• What to produce: Leave the pictures out, and print everything else in the records exactly.
*** Opening Records shown ***
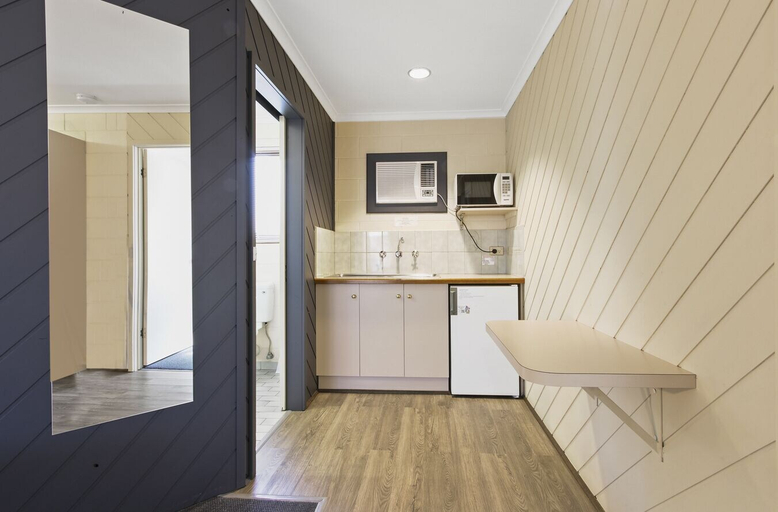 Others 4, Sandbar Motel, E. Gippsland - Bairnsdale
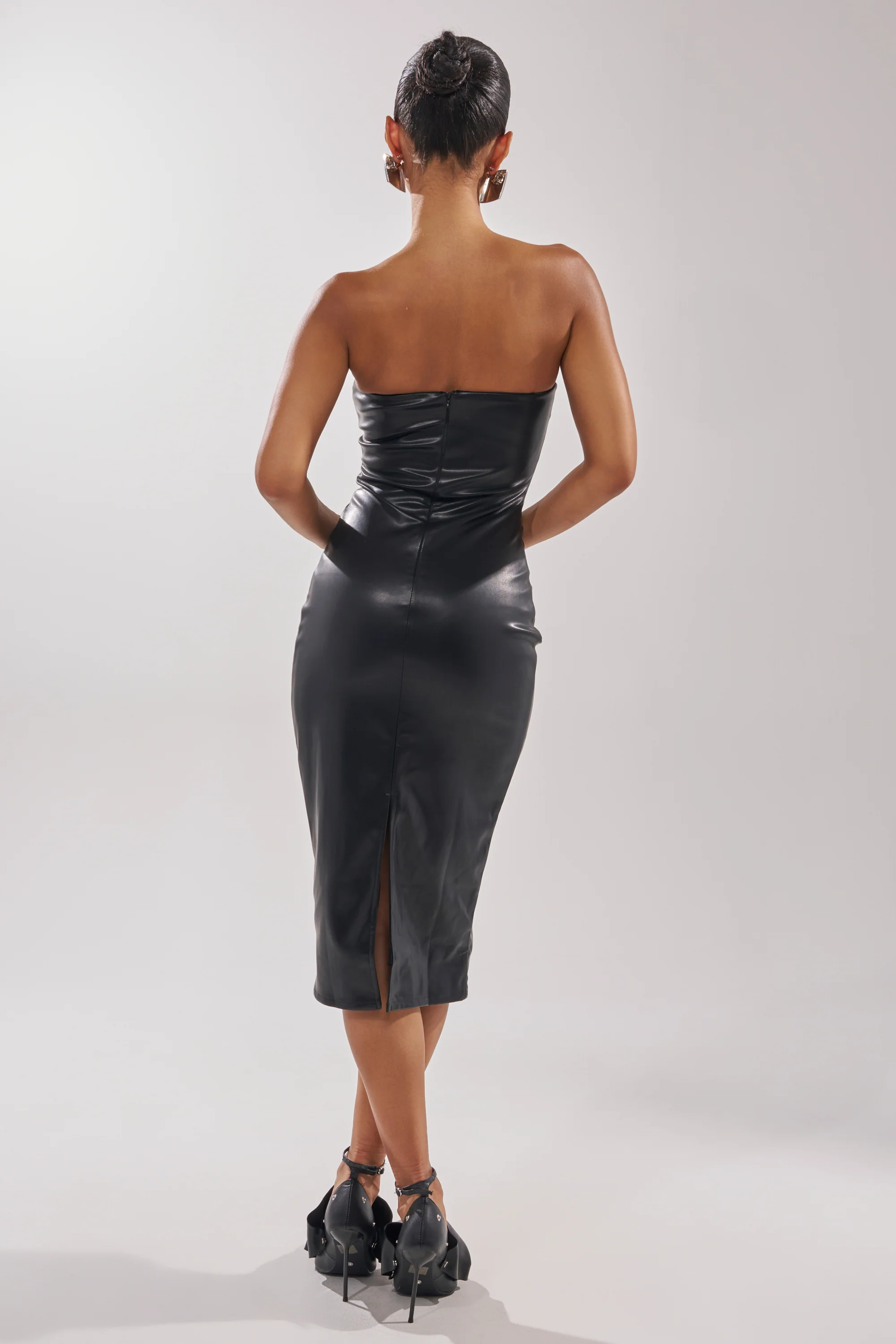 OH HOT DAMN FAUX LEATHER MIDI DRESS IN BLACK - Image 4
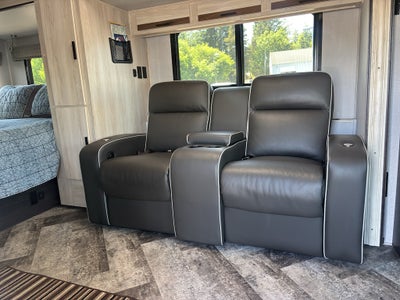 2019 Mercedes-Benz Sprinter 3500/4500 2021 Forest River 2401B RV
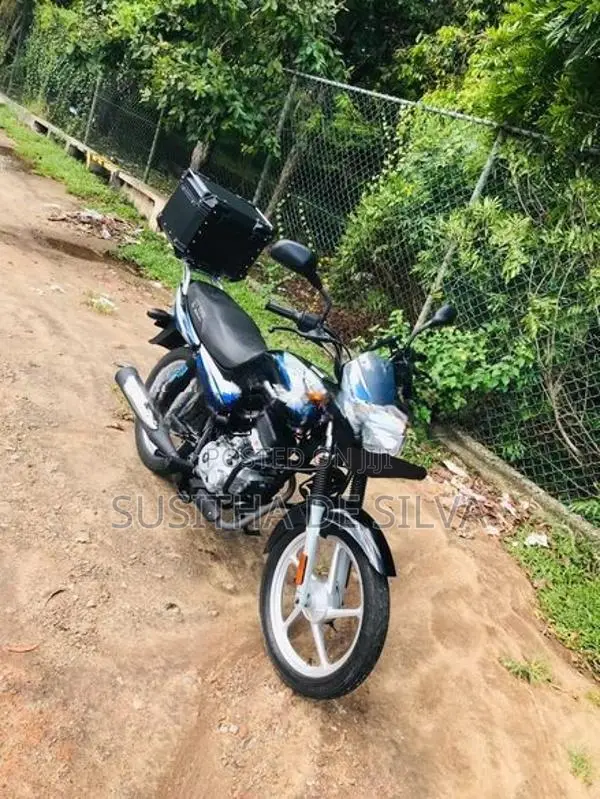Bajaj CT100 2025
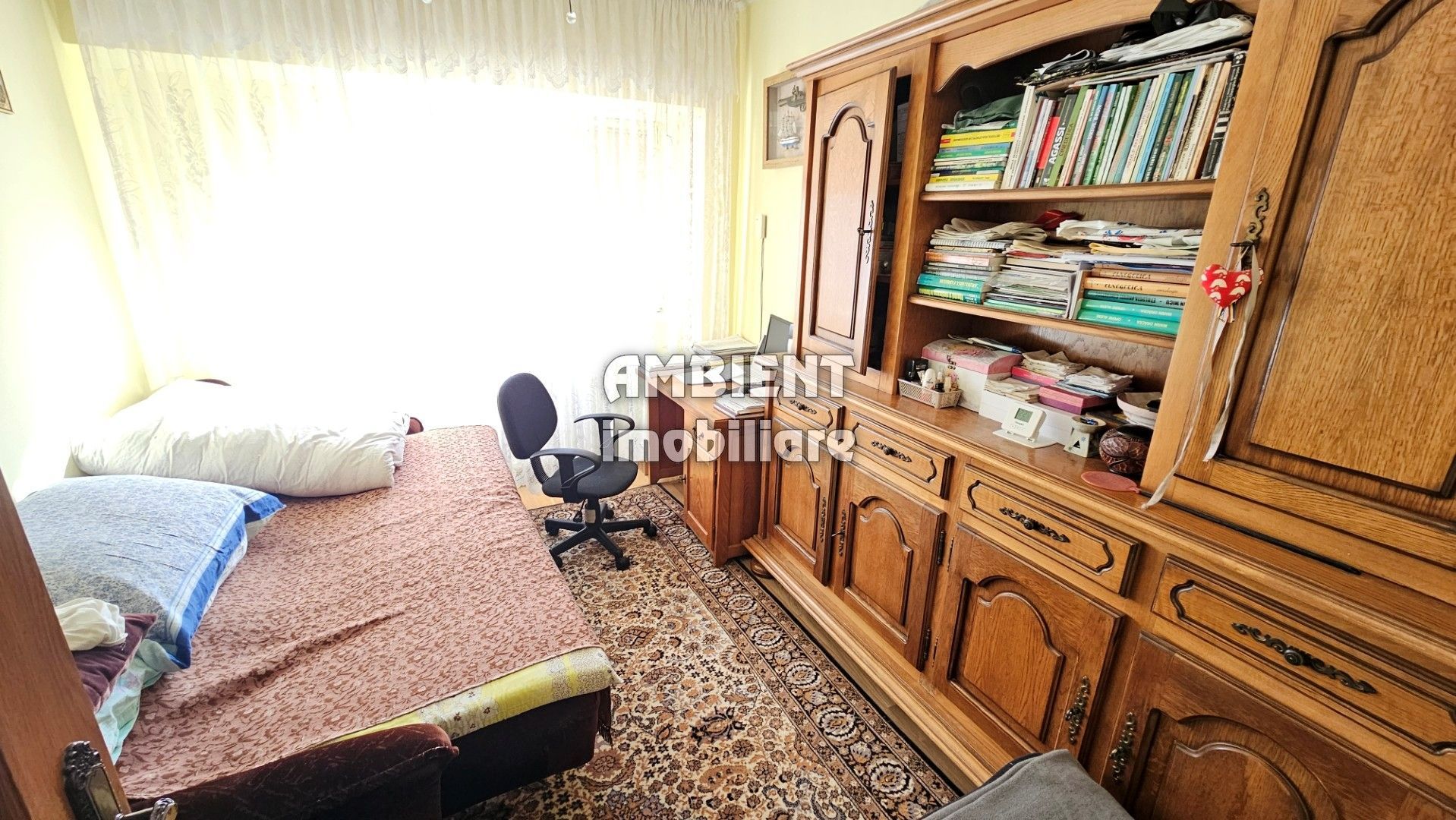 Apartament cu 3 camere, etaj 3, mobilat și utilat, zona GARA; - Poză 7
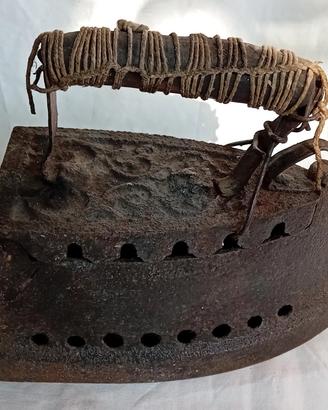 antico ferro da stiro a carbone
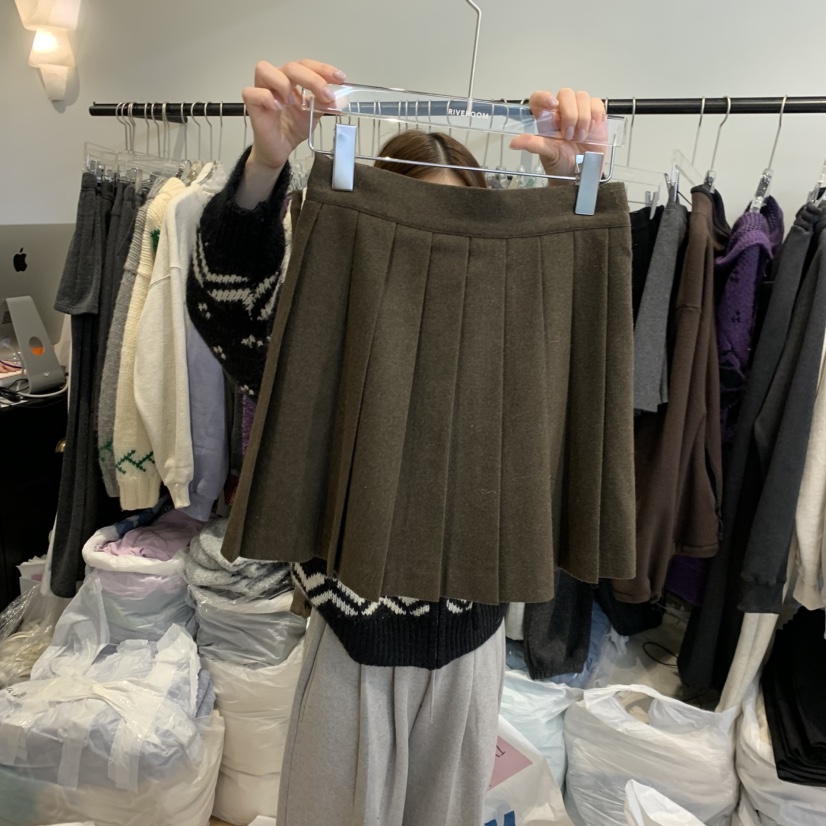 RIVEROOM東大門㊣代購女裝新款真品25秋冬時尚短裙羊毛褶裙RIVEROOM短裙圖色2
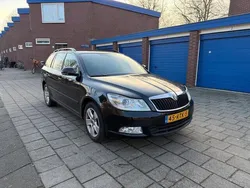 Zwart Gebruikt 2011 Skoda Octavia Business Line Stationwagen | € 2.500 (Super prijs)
*** Closing Records shown ***
• Task output:
 Others 4, Sandbar Motel, E. Gippsland - Bairnsdale
 OH HOT DAMN FAUX LEATHER MIDI DRESS IN BLACK - Image 4
 2019 Mercedes-Benz Sprinter 3500/4500 2021 Forest River 2401B RV
Bajaj CT100 2025
 Apartament cu 3 camere, etaj 3, mobilat și utilat, zona GARA; - Poză 7
 antico ferro da stiro a carbone
 RIVEROOM東大門㊣代購女裝新款真品25秋冬時尚短裙羊毛褶裙RIVEROOM短裙圖色2
 Zwart Gebruikt 2011 Skoda Octavia Business Line Stationwagen | € 2.500 (Super prijs)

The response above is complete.